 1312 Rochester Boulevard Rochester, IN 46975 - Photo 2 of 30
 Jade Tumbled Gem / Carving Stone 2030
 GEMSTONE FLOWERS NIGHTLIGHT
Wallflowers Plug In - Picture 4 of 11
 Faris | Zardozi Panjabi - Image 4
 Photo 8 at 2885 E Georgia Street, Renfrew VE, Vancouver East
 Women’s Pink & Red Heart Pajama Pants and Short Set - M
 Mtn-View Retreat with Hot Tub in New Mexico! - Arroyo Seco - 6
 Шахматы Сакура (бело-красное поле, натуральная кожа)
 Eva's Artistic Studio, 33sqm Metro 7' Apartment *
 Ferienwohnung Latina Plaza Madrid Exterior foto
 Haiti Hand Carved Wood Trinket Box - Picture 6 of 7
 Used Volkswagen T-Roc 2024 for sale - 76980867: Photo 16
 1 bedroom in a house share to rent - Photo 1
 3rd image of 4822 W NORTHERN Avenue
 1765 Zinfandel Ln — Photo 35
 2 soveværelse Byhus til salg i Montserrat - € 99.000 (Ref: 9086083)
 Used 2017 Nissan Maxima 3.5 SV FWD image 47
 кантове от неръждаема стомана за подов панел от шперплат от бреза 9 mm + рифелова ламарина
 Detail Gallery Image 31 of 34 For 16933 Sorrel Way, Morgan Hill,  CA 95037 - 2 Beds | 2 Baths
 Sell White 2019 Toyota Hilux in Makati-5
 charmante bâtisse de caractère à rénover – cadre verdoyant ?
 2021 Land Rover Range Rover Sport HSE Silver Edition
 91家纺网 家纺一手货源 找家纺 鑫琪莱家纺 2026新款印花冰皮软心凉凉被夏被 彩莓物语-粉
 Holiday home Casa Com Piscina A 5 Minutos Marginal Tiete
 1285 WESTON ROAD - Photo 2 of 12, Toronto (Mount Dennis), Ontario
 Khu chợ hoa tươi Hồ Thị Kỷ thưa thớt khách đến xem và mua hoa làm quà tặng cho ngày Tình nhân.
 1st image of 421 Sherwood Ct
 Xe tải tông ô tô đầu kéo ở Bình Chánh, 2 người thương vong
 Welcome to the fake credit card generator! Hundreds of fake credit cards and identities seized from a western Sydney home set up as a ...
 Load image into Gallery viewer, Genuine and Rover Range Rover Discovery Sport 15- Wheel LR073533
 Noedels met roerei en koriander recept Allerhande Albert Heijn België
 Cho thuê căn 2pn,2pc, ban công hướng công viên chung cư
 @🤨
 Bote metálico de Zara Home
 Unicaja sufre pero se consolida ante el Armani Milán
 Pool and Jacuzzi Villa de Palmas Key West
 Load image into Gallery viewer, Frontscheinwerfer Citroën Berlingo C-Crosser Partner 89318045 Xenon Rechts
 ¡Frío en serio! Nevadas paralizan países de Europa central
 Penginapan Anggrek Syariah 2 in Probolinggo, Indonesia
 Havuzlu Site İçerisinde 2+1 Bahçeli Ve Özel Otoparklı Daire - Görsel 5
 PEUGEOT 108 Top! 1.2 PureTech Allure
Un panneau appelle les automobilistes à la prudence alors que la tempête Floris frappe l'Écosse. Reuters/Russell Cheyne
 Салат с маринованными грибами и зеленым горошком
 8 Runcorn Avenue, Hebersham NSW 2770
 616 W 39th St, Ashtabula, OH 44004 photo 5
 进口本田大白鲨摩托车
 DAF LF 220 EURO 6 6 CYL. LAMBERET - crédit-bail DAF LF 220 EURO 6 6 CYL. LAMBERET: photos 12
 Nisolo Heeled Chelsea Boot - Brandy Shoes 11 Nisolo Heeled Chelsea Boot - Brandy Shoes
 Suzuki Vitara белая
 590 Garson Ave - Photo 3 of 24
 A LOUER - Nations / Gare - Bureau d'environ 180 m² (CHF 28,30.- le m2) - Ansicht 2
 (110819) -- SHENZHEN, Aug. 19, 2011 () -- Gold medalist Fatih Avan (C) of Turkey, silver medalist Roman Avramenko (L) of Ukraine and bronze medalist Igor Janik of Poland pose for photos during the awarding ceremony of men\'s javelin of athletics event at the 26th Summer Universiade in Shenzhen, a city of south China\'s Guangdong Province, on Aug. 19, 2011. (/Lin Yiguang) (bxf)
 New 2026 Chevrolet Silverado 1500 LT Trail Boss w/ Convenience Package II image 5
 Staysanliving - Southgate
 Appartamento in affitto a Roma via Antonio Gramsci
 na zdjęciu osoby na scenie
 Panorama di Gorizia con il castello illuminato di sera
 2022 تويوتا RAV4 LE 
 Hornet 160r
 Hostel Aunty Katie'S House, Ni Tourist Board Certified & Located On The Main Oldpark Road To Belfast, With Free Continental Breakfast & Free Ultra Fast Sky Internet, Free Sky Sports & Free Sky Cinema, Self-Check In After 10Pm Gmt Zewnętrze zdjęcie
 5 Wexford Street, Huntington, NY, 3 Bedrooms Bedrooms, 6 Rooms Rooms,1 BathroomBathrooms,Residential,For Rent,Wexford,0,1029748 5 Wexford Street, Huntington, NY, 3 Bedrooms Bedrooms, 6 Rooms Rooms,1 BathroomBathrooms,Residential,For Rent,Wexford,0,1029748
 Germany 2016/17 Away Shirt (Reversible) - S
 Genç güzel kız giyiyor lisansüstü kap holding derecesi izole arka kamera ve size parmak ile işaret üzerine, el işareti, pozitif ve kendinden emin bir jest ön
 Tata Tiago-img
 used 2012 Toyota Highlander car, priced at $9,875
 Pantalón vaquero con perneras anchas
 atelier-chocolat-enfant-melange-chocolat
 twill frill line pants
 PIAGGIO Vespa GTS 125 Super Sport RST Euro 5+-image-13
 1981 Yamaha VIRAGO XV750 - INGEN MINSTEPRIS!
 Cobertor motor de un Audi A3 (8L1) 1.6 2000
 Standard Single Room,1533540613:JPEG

Exercise aim:
Repeat the listing above in full, exactly as given.

Your response:
 1312 Rochester Boulevard Rochester, IN 46975 - Photo 2 of 30
 Jade Tumbled Gem / Carving Stone 2030
 GEMSTONE FLOWERS NIGHTLIGHT
Wallflowers Plug In - Picture 4 of 11
 Faris | Zardozi Panjabi - Image 4
 Photo 8 at 2885 E Georgia Street, Renfrew VE, Vancouver East
 Women’s Pink & Red Heart Pajama Pants and Short Set - M
 Mtn-View Retreat with Hot Tub in New Mexico! - Arroyo Seco - 6
 Шахматы Сакура (бело-красное поле, натуральная кожа)
 Eva's Artistic Studio, 33sqm Metro 7' Apartment *
 Ferienwohnung Latina Plaza Madrid Exterior foto
 Haiti Hand Carved Wood Trinket Box - Picture 6 of 7
 Used Volkswagen T-Roc 2024 for sale - 76980867: Photo 16
 1 bedroom in a house share to rent - Photo 1
 3rd image of 4822 W NORTHERN Avenue
 1765 Zinfandel Ln — Photo 35
 2 soveværelse Byhus til salg i Montserrat - € 99.000 (Ref: 9086083)
 Used 2017 Nissan Maxima 3.5 SV FWD image 47
 кантове от неръждаема стомана за подов панел от шперплат от бреза 9 mm + рифелова ламарина
 Detail Gallery Image 31 of 34 For 16933 Sorrel Way, Morgan Hill,  CA 95037 - 2 Beds | 2 Baths
 Sell White 2019 Toyota Hilux in Makati-5
 charmante bâtisse de caractère à rénover – cadre verdoyant ?
 2021 Land Rover Range Rover Sport HSE Silver Edition
 91家纺网 家纺一手货源 找家纺 鑫琪莱家纺 2026新款印花冰皮软心凉凉被夏被 彩莓物语-粉
 Holiday home Casa Com Piscina A 5 Minutos Marginal Tiete
 1285 WESTON ROAD - Photo 2 of 12, Toronto (Mount Dennis), Ontario
 Khu chợ hoa tươi Hồ Thị Kỷ thưa thớt khách đến xem và mua hoa làm quà tặng cho ngày Tình nhân.
 1st image of 421 Sherwood Ct
 Xe tải tông ô tô đầu kéo ở Bình Chánh, 2 người thương vong
 Welcome to the fake credit card generator! Hundreds of fake credit cards and identities seized from a western Sydney home set up as a ...
 Load image into Gallery viewer, Genuine and Rover Range Rover Discovery Sport 15- Wheel LR073533
 Noedels met roerei en koriander recept Allerhande Albert Heijn België
 Cho thuê căn 2pn,2pc, ban công hướng công viên chung cư
 @🤨
 Bote metálico de Zara Home
 Unicaja sufre pero se consolida ante el Armani Milán
 Pool and Jacuzzi Villa de Palmas Key West
 Load image into Gallery viewer, Frontscheinwerfer Citroën Berlingo C-Crosser Partner 89318045 Xenon Rechts
 ¡Frío en serio! Nevadas paralizan países de Europa central
 Penginapan Anggrek Syariah 2 in Probolinggo, Indonesia
 Havuzlu Site İçerisinde 2+1 Bahçeli Ve Özel Otoparklı Daire - Görsel 5
 PEUGEOT 108 Top! 1.2 PureTech Allure
Un panneau appelle les automobilistes à la prudence alors que la tempête Floris frappe l'Écosse. Reuters/Russell Cheyne
 Салат с маринованными грибами и зеленым горошком
 8 Runcorn Avenue, Hebersham NSW 2770
 616 W 39th St, Ashtabula, OH 44004 photo 5
 进口本田大白鲨摩托车
 DAF LF 220 EURO 6 6 CYL. LAMBERET - crédit-bail DAF LF 220 EURO 6 6 CYL. LAMBERET: photos 12
 Nisolo Heeled Chelsea Boot - Brandy Shoes 11 Nisolo Heeled Chelsea Boot - Brandy Shoes
 Suzuki Vitara белая
 590 Garson Ave - Photo 3 of 24
 A LOUER - Nations / Gare - Bureau d'environ 180 m² (CHF 28,30.- le m2) - Ansicht 2
 (110819) -- SHENZHEN, Aug. 19, 2011 () -- Gold medalist Fatih Avan (C) of Turkey, silver medalist Roman Avramenko (L) of Ukraine and bronze medalist Igor Janik of Poland pose for photos during the awarding ceremony of men\'s javelin of athletics event at the 26th Summer Universiade in Shenzhen, a city of south China\'s Guangdong Province, on Aug. 19, 2011. (/Lin Yiguang) (bxf)
 New 2026 Chevrolet Silverado 1500 LT Trail Boss w/ Convenience Package II image 5
 Staysanliving - Southgate
 Appartamento in affitto a Roma via Antonio Gramsci
 na zdjęciu osoby na scenie
 Panorama di Gorizia con il castello illuminato di sera
 2022 تويوتا RAV4 LE 
 Hornet 160r
 Hostel Aunty Katie'S House, Ni Tourist Board Certified & Located On The Main Oldpark Road To Belfast, With Free Continental Breakfast & Free Ultra Fast Sky Internet, Free Sky Sports & Free Sky Cinema, Self-Check In After 10Pm Gmt Zewnętrze zdjęcie
 5 Wexford Street, Huntington, NY, 3 Bedrooms Bedrooms, 6 Rooms Rooms,1 BathroomBathrooms,Residential,For Rent,Wexford,0,1029748 5 Wexford Street, Huntington, NY, 3 Bedrooms Bedrooms, 6 Rooms Rooms,1 BathroomBathrooms,Residential,For Rent,Wexford,0,1029748
 Germany 2016/17 Away Shirt (Reversible) - S
 Genç güzel kız giyiyor lisansüstü kap holding derecesi izole arka kamera ve size parmak ile işaret üzerine, el işareti, pozitif ve kendinden emin bir jest ön
 Tata Tiago-img
 used 2012 Toyota Highlander car, priced at $9,875
 Pantalón vaquero con perneras anchas
 atelier-chocolat-enfant-melange-chocolat
 twill frill line pants
 PIAGGIO Vespa GTS 125 Super Sport RST Euro 5+-image-13
 1981 Yamaha VIRAGO XV750 - INGEN MINSTEPRIS!
 Cobertor motor de un Audi A3 (8L1) 1.6 2000
 Standard Single Room,1533540613:JPEG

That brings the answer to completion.